Saint John Globe - 1883-12-06

Year
1883
Month
12
Day
6
Article Title
A Loyalist’s Descendant on the Loyalist
(C. E. Knapp’s New York Letter in the Moncton Transcript)
Author
<Anonymous>
Page Number
n/a
Article Type
Language
Article Contents
Well, the Centennial that opens here to-day is the last of those connected with the American revolution, of which there have been so many on each side of the lines. We had ours in New Brunswick, one in May and the other in October, and the later, I presume, will be our last. There was nothing that I know of in the expatriations of our ancestors, refugees or loyalists, worthy of a place in future history. I am the grandson of a loyalist who enlisted in the King’s army at the first call, who faced the music and only laid down his arms after the last shot was fired. He came to New Brunswick and had the moral courage to do two things, refuse to accept any recompense for the property he lost in this State of New York, and tell his descendants that his fellow loyalists and himself took the side of the King because they believed the fanatic rebels would be conquered in a few months if not in a few weeks, and that the loyalists would reap rich rewards when the rebellion was stamped out.

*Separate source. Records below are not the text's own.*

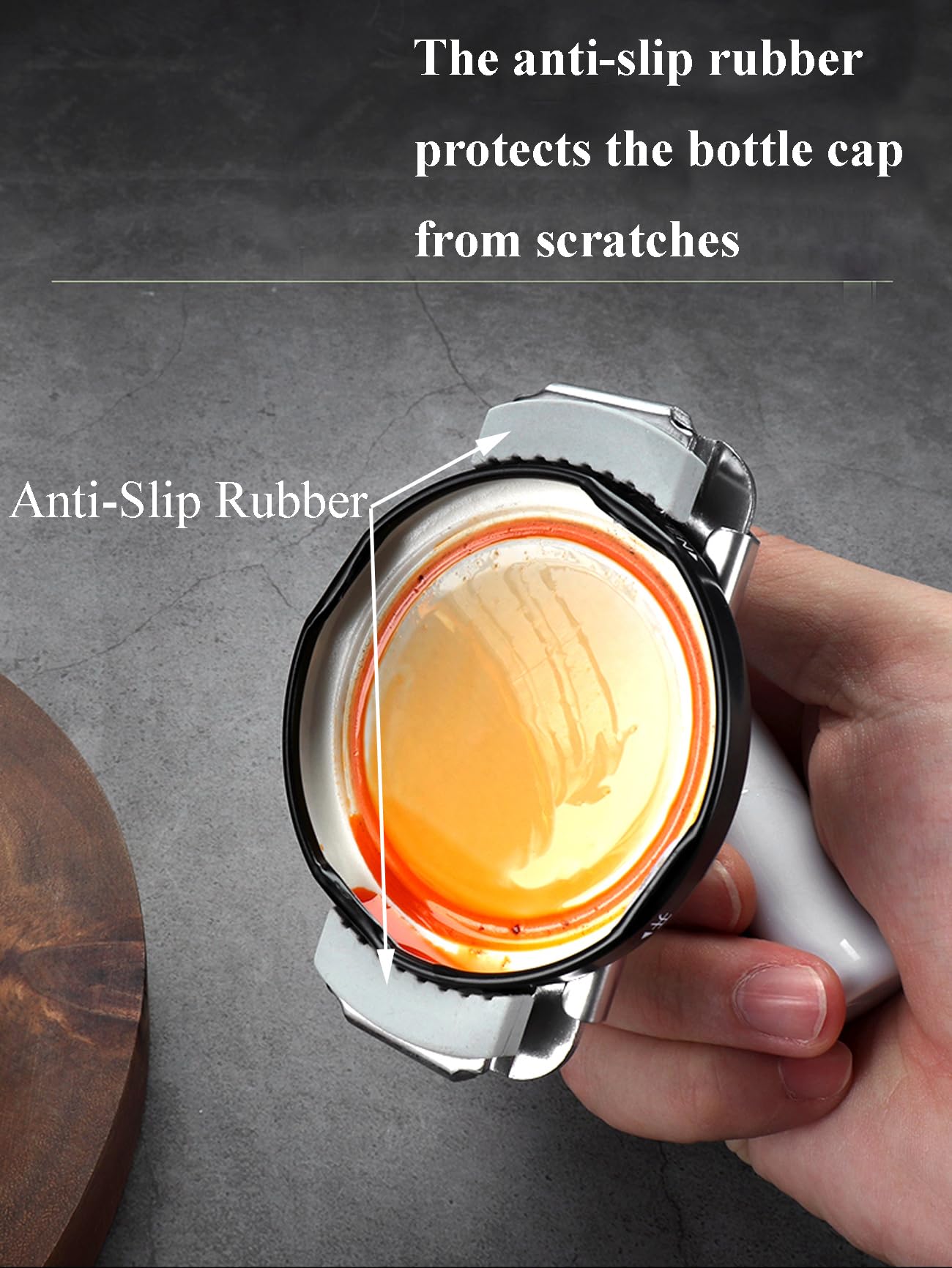 Amadething jar opener anti-slip-rubber prevents slipping during twisting.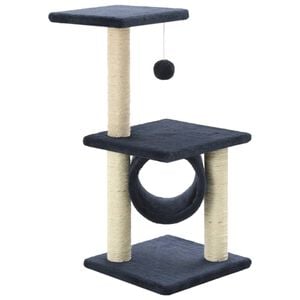 vidaXL Cat Tree Dark Blue Particle board, plush, sisal 25.6 in Durable
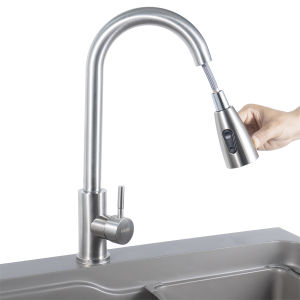 Vòi rửa chén nóng lạnh inox 304 đầu xả dây rút Hobby home decor VDR11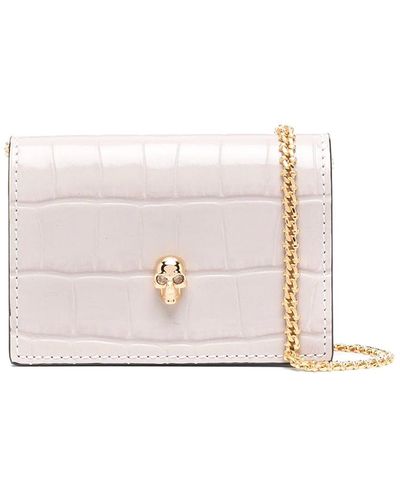 Alexander McQueen Skull Leather Card Holder On Chain - Pink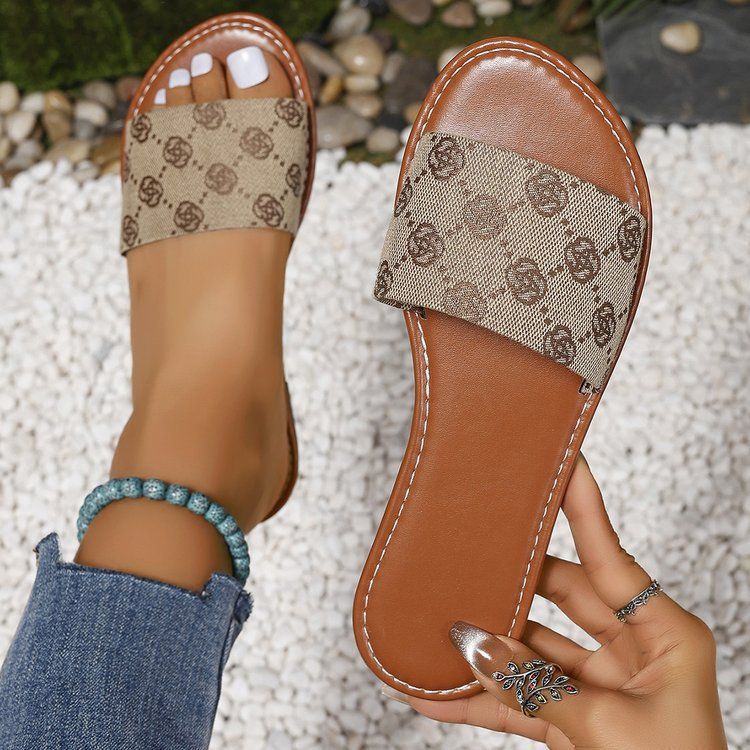 Große Damenschuhe, Sommer 2024, neues Leopardenmuster, flacher Boden, immer schleifende Strandschuhe mit rundem Kopf, Größe 43_voghion.com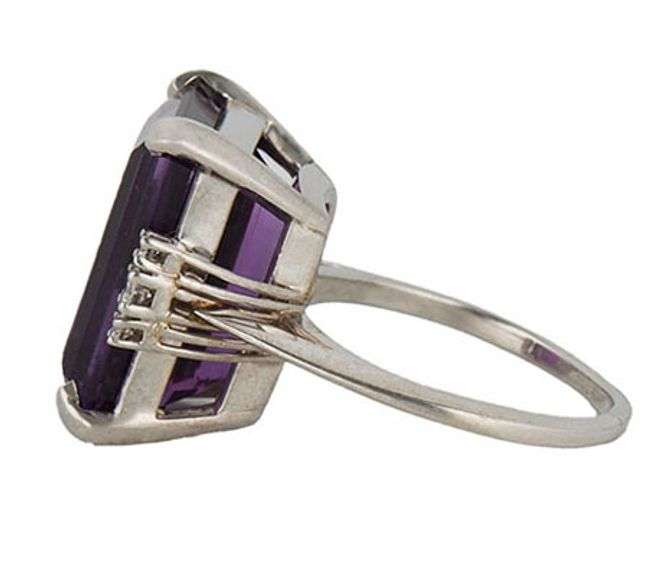 13.25ct Emerald Cut Amethyst and 0.20ctw Diamond Statement Ring in 14K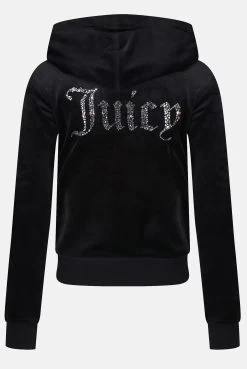 Juicy Couture BLACK MIXED CRYSTAL CLASSIC VELOUR ROBERTSON HOODIE -Juicy Couture JCBA222011 BLACK 2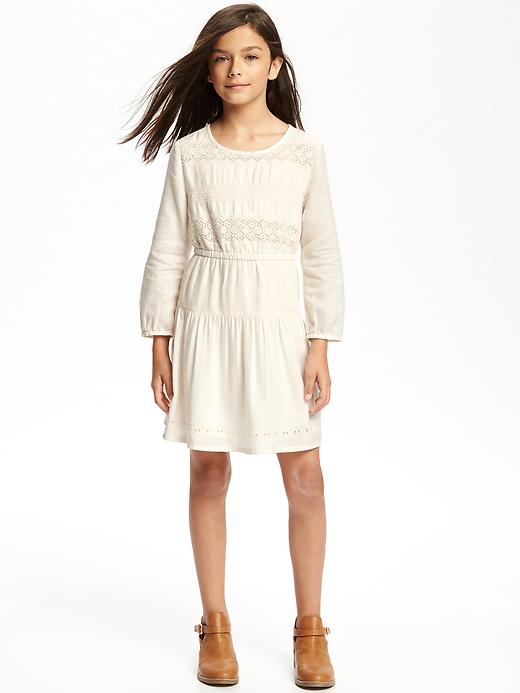 View large product image 1 of 2. Tiered Eyelet Dress for Girls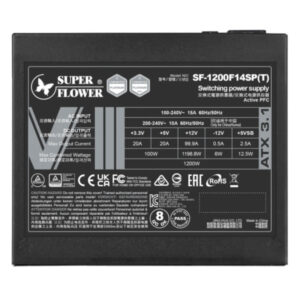 SuperFlower LEADEX VIII Platinum Pro 1200W ATX3.1 Cybenetics Platinum Den H7 Super Flower LEADEX VIII Platinum PRO 1200W Black - ATX 3.1 - 1000W Cybenetics Platinum - Full Modular PSU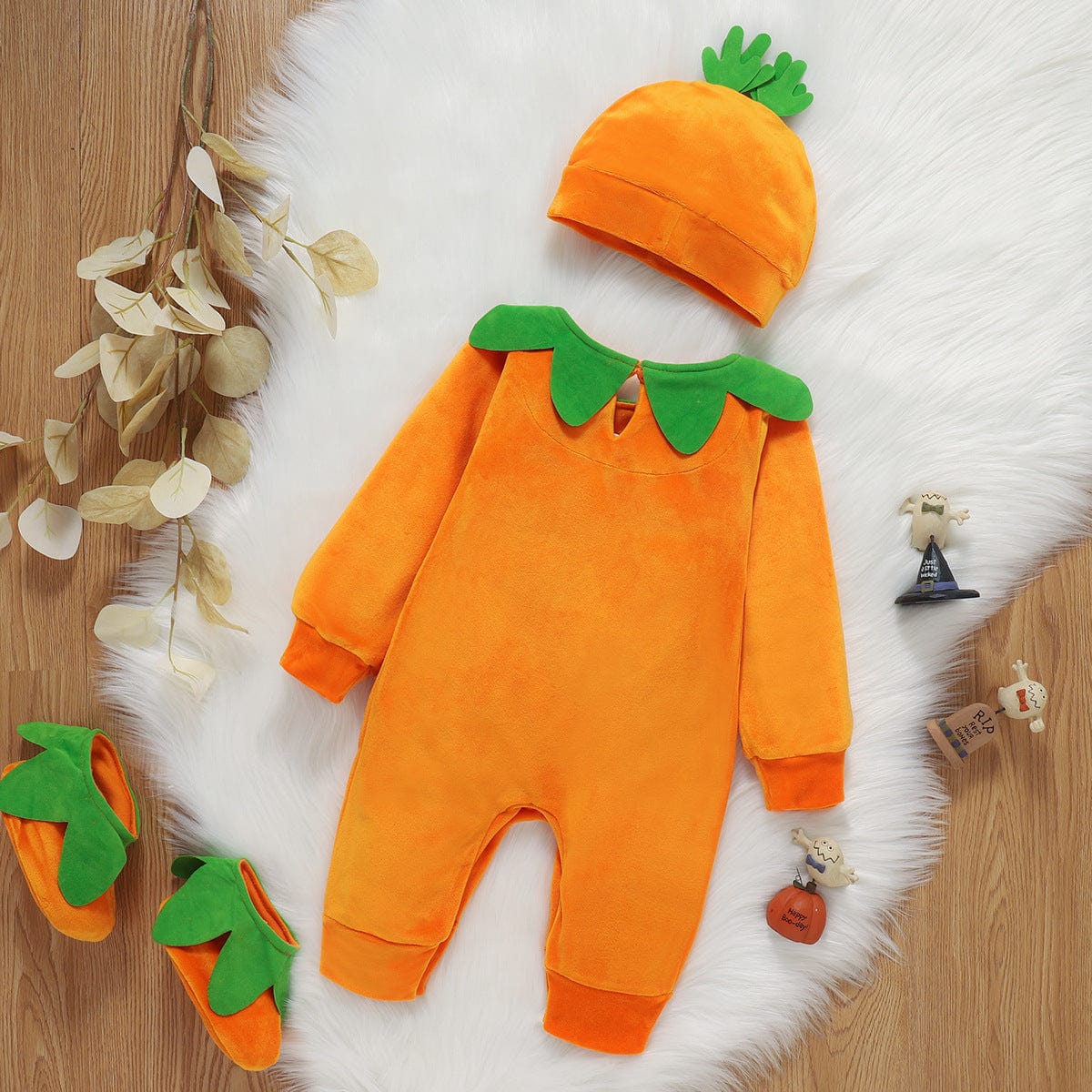 Halloween Pumpkin Outfit - Cute Jumpsuit with Hat and Slippers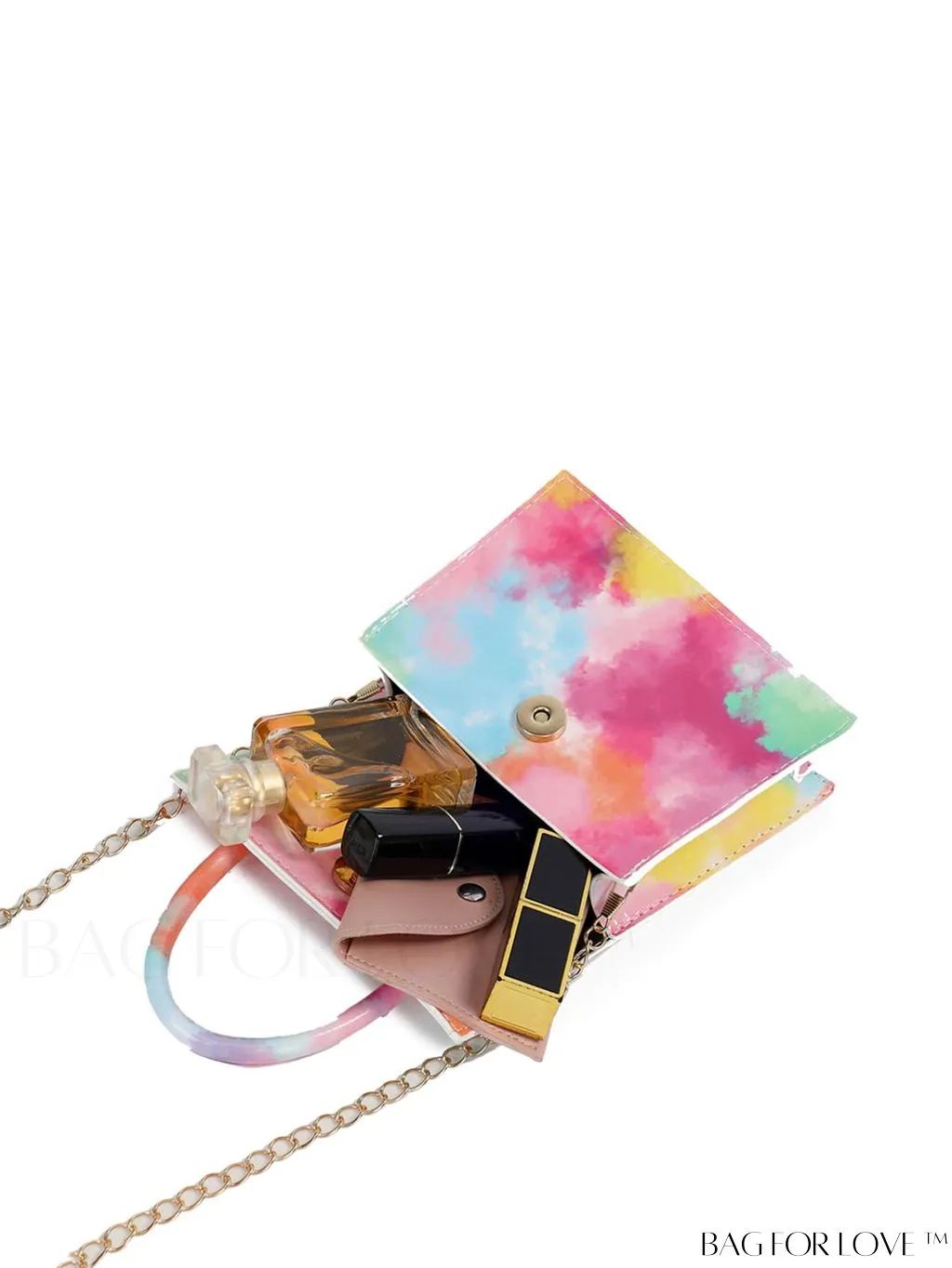 BagForLove - Funky Neon Pink Mini Square Bag with Chain Flap - PU Leather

It sounds nice, I know, in holiday speeches to compare the refugees who run away without fighting and the loyalists who left because their incensed countrymen would not allow them to stay to the Trojans, Pilgrims and Puritans, but time will wear off he pinchbeck of the history made by such speeches, and it will be admitted that the refugees were cowards, whose descendants now refuse to own them, and the loyalists were brave men, who fought with place, power and wealth, and life the dog in the fable, lost the substance deceived by the shadow. “I speak no treason and I wear no mask.” Our loyalist ancestry were neither gods nor demigods, but men “of life passions with ourselves,” only that and nothing more.